Presenting over 100 keynotes a year for different companies and industries (for each keynote I have a detailed briefing with the senior leaders about the challenges they are facing), gives you an amazing insight into what is happening in the workplace. 

By far, the two biggest challenges people are facing currently are: 

  1. The huge levels of change that are affecting all companies and professions

  2. The staff shortage means leaders and organisations are terrified to give their teams feedback in any way for fear that they will take the feedback poorly and leave

In fact, in a meeting yesterday, the head of a retail group said “We used to be discerning about who we hired. But now if you have a pulse and you can stand upright, we will take you.” Similarly, a school principal said “I am hiring teachers that in years gone by, I would have thrown their CV in the bin at first look. But we can’t we choosy anymore. Putting an average teacher in front of the kids is better than no teacher at all.” 

Another leader said to me, “We feel ‘lucky’ to have someone in the position. In fact, we are so desperate for staff that we are tiptoeing around them, so we don’t upset them. They have all the power.” 

That last sentence illustrates a huge problem when it comes to the workplace. We see the relationship between employer and employee as a combative one. A team member once said to me, “We (employees) have all the power, if I am unhappy with something I just threaten to walk, and they come around because there are very few people who can do this role”. I even had an employer say, “I just can’t wait for a recession to push up unemployment so we can get the power back.” Think about this for a minute, this guy was so enraged he was hoping for an economic downturn to teach his staff a lesson. 

You don’t have to be a psychologist to realise this is a dysfunctional relationship. Nothing good can come from using power to force people into giving you what you want.  The relationship between leader and team member should be a collaborative one. Where the leader coaches, challenges, and stretches their team to evolve and become better versions of themselves. However, this can’t happen if a leader is petrified of upsetting their team members.  

About 5 years ago, we did a study where we did focus groups with over 2000 people and asked them ‘Who was your best leader? And what were the leadership behaviours they exhibit to make them so good.’ The top 3 were: 

  1. Cared about me as a person and had genuine care for my wellbeing. 

  2. Challenged me to take on difficult tasks and projects to help me grow and evolve, all the while supporting me through it. 

  3. Talked to me about my career and how I could progress my career.  

In summary, what we learnt is good leadership is about challenging our teams to grow and improve.  

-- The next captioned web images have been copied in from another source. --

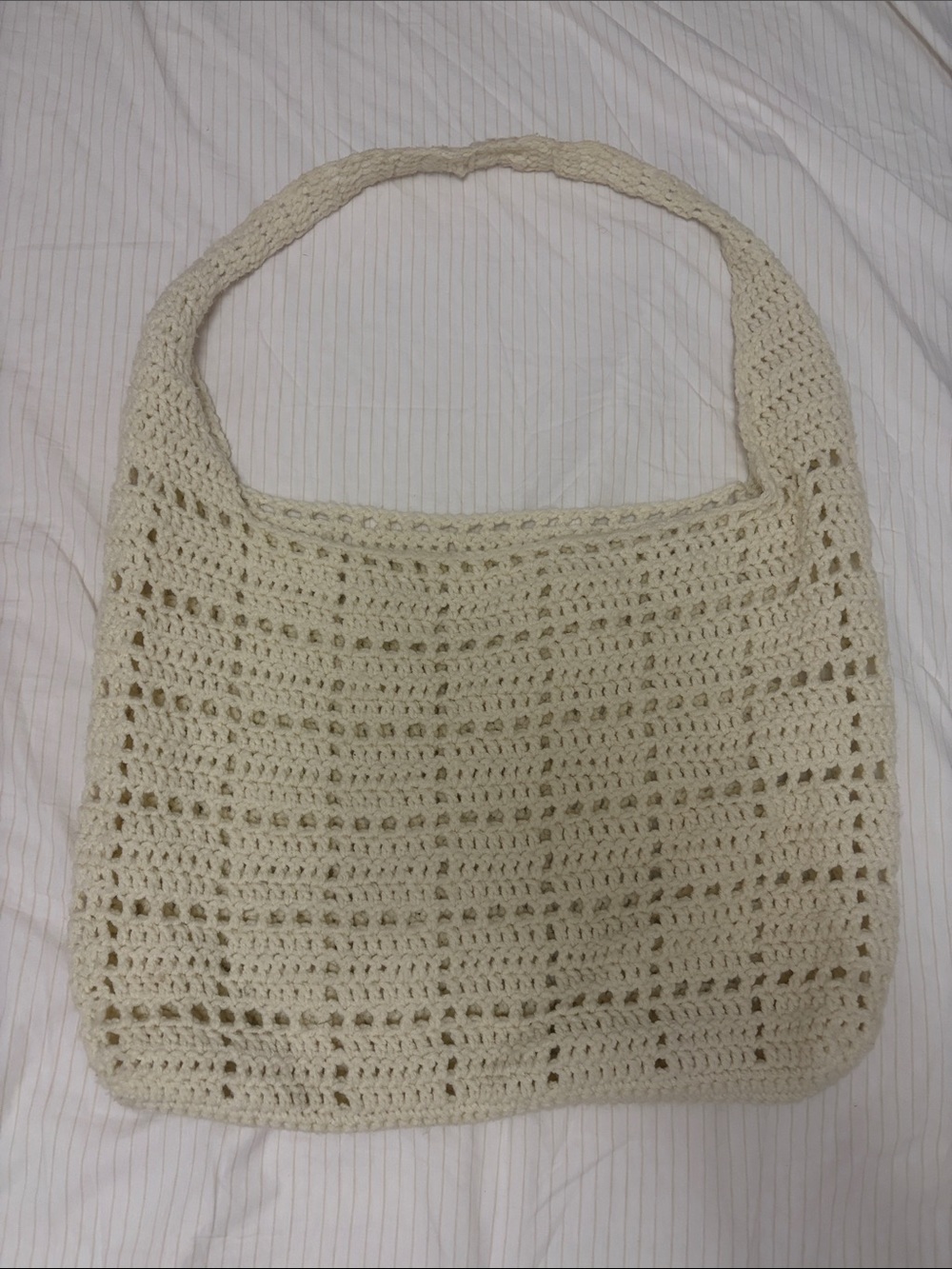 Cream Crochet Shoulder Bag - Boho Tote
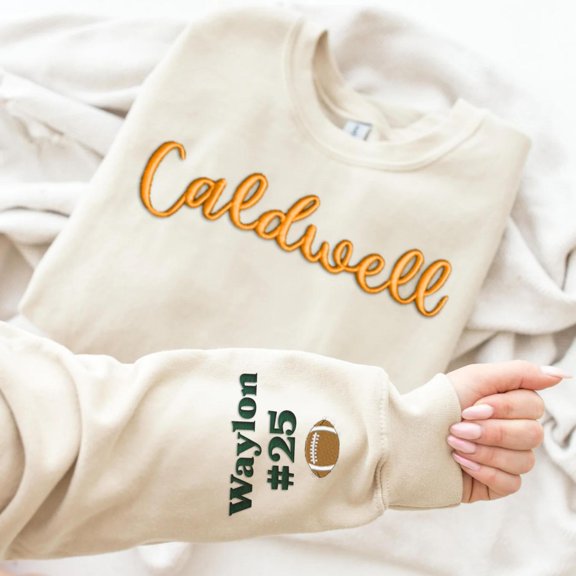 Custom Game Day 3D Puff Sweatshirt, College Team Spirit Crewneck, Custom Embroidered Sweatshirt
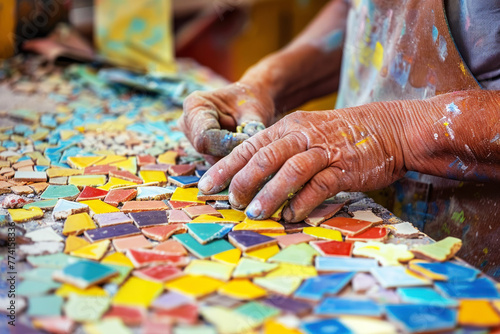 Hands working on colorful mosaic tiles, showing art and craftsmanship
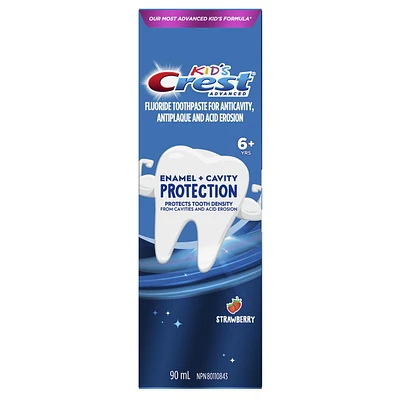 Crest Kids Enamel + Cavity Protection Toothpaste, Strawberry Flavor, 90 mL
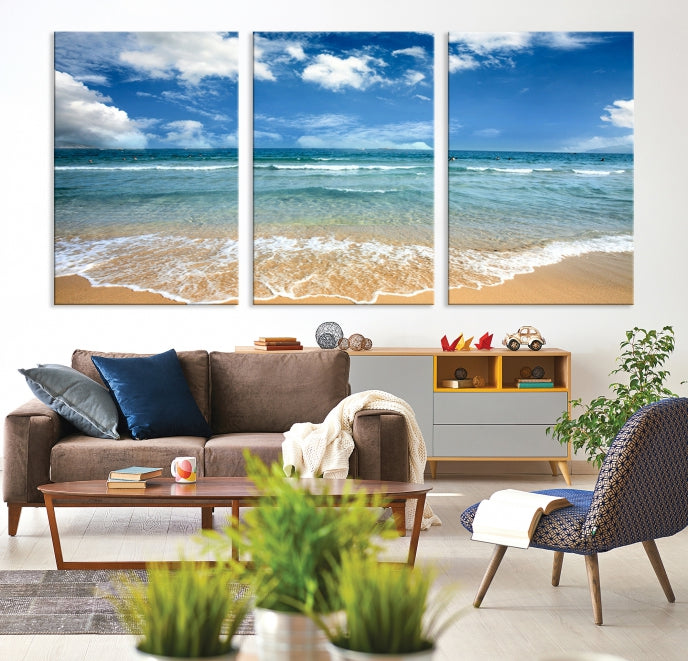 Sea View From the Beach Large Canvas Art Print for Wall Decor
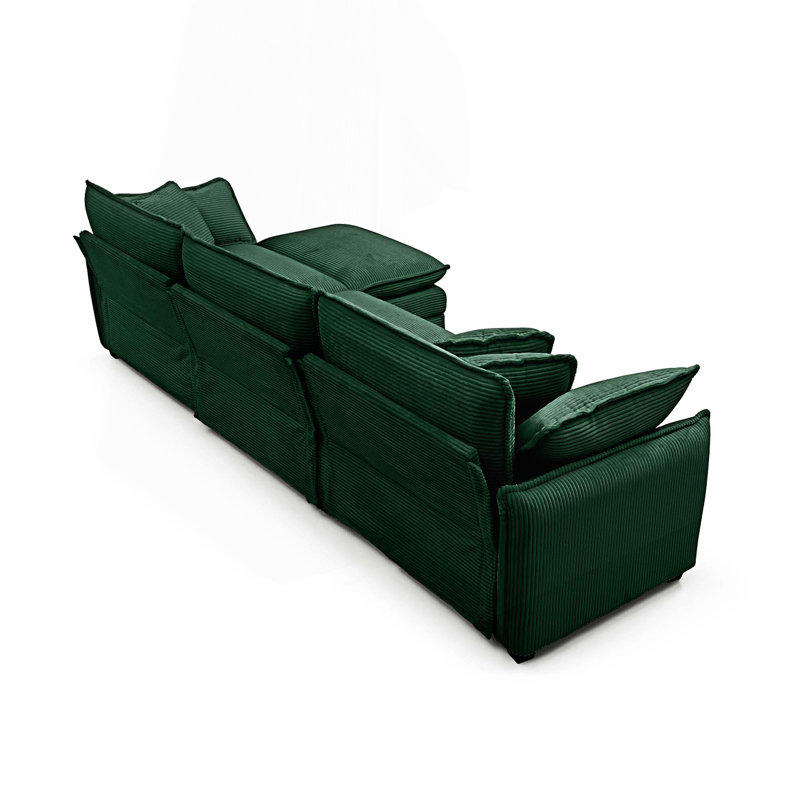 Canapé modulaire surdimensionné à 3 places avec repose-pieds et canapé en L avec repose-pieds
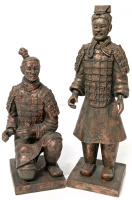 2 Vintage Resin Replica Terracotta Warriors Figures | Both Stamped &copy;G.A. | 5.5" - 7.75"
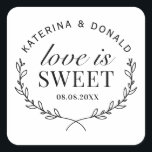 Love is Sweet Rustic Wedding Vrijgezellenfeest Vierkante Sticker<br><div class="desc">Herfst in Love Autumn Vrijgezellenfeest Rustic Wedding. Voeg een leuke kleur en unieke stijl toe aan je bruiloft of vrijgezellenfeest. Een vrijgezellenfeest-gunsttas is een geweldige aanvulling op partijplanning. Deze unieke tassen zullen gemakkelijk als geschenk worden gebruikt en kunnen als een mooie decoratie dienen op je trouwreceptie of vrijgezellenfeest. Het perfecte...</div>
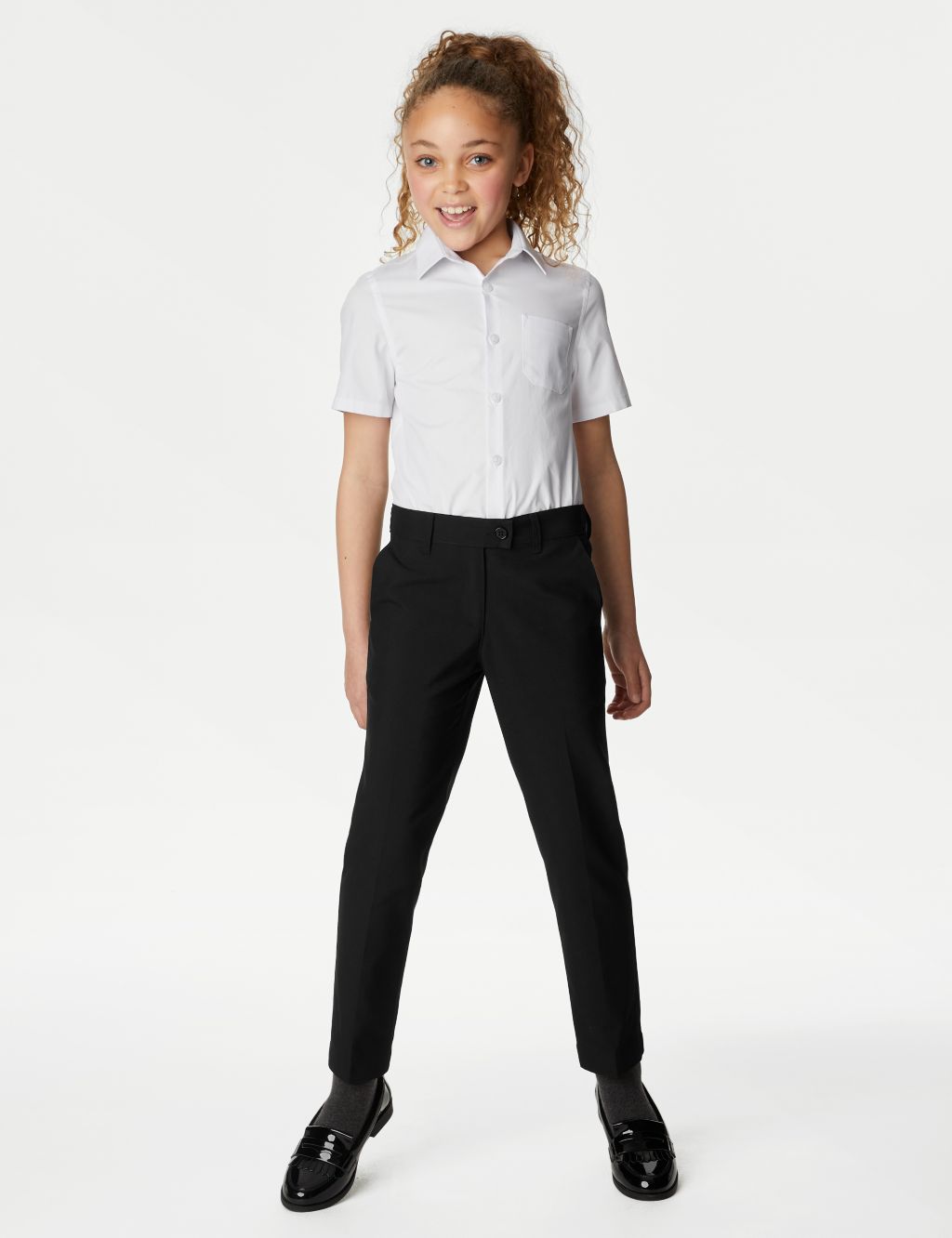 2pk Girls' Skinny Leg School Trousers (2-18 Yrs) | M&S Collection | M&S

In early 2020, we released a book called ‘Strive’ which explored how in the last 10 years our relationship with struggle and challenge has changed dramatically. Our data shows that human beings need challenge and struggle as it builds self-esteem, it gives us meaning, and allows us to learn. People feel most alive and engaged when they see themselves making progress towards a meaningful goal. However, because of our hyper obsession with positive emotional states (driven by the happiness movement and positive psychology), we see challenge and struggle as a bad thing and something we should avoid.  

The problem here is that when you have a mindset of ‘I don’t want to be uncomfortable and stretched’ paired with ‘I have all the power and my leader is fearful of me leaving,’ you have a workforce who are not embracing Striving and personally missing out on opportunities to become a better version of themselves. It will be interesting to see how this affects the workforce when we have a critical mass of people who are not open to getting feedback and don’t want to be challenged. 

An essential part of our development is hearing feedback from others, especially feedback that makes us uncomfortable. We want our leaders (in a kind and supportive way) to be able to tell us when we are out of line, when our work is not good enough, when we need to step it up, and when we need to apologise to others for our poor behaviour. We need our leader to do this for us and the other people in our team.  

As it has been throughout history, the power balance will shift from one group to another. However, we don’t want to allow that power to drive us into dysfunctional behaviours. Don’t let this be the death of feedback. Ask yourself, are you leveraging your perceived power in a way that stops you accepting feedback as this will massively reduce your self-awareness and evolution.